In the last year, NGA has been prominent in its role as a combat support agency on tactical, operational, and strategic levels to support the priority of succeeding against China and Russia. Chinese intelligence in particular has proven a challenge, as it has developed in the fields of “military, tech, space, and cyber capabilities,” according to Whitworth. In the ongoing conflict between Russia and Ukraine, “NGA has been providing key insights on Russian forces tracking their movements and capabilities, as well as assessing their infrastructure. Back before the conflict kicked off in February of last year, we connected commercial satellite vendors to Ukraine, which provided them with a responsive mechanism to do their own intelligence. And of course, our robust partnership with the Allied geospatial community enables us to share widely across the enterprise,” he said.
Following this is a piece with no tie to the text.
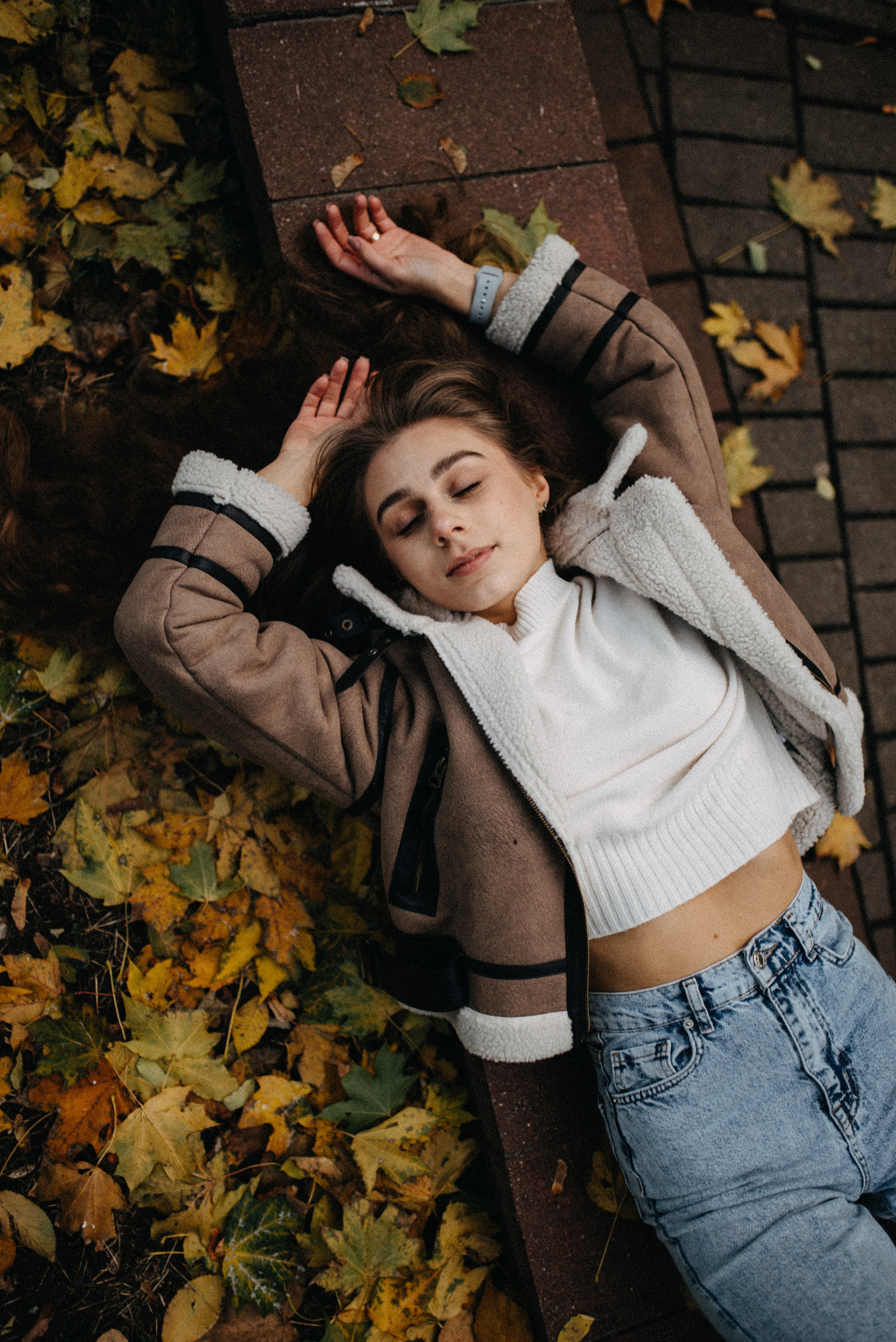 Анна. Фотограф Санкт-Петербург, Новороссийск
In the Middle East, Whitworth cited Iran as the prime source of regional instability. “Its continued sponsorship and provocation of malign activities and influence posts direct and indirect challenges to U.S. interests and to those of our allies and partners,” he said. He also touched upon the challenge of North Korea, whose tightly controlled nature can make it difficult to penetrate, from an intelligence perspective. Despite this difficulty, NGA analysis was able to provide assessments of the regime’s WMD program, missile capabilities, and efforts to expand nuclear weapons capabilities.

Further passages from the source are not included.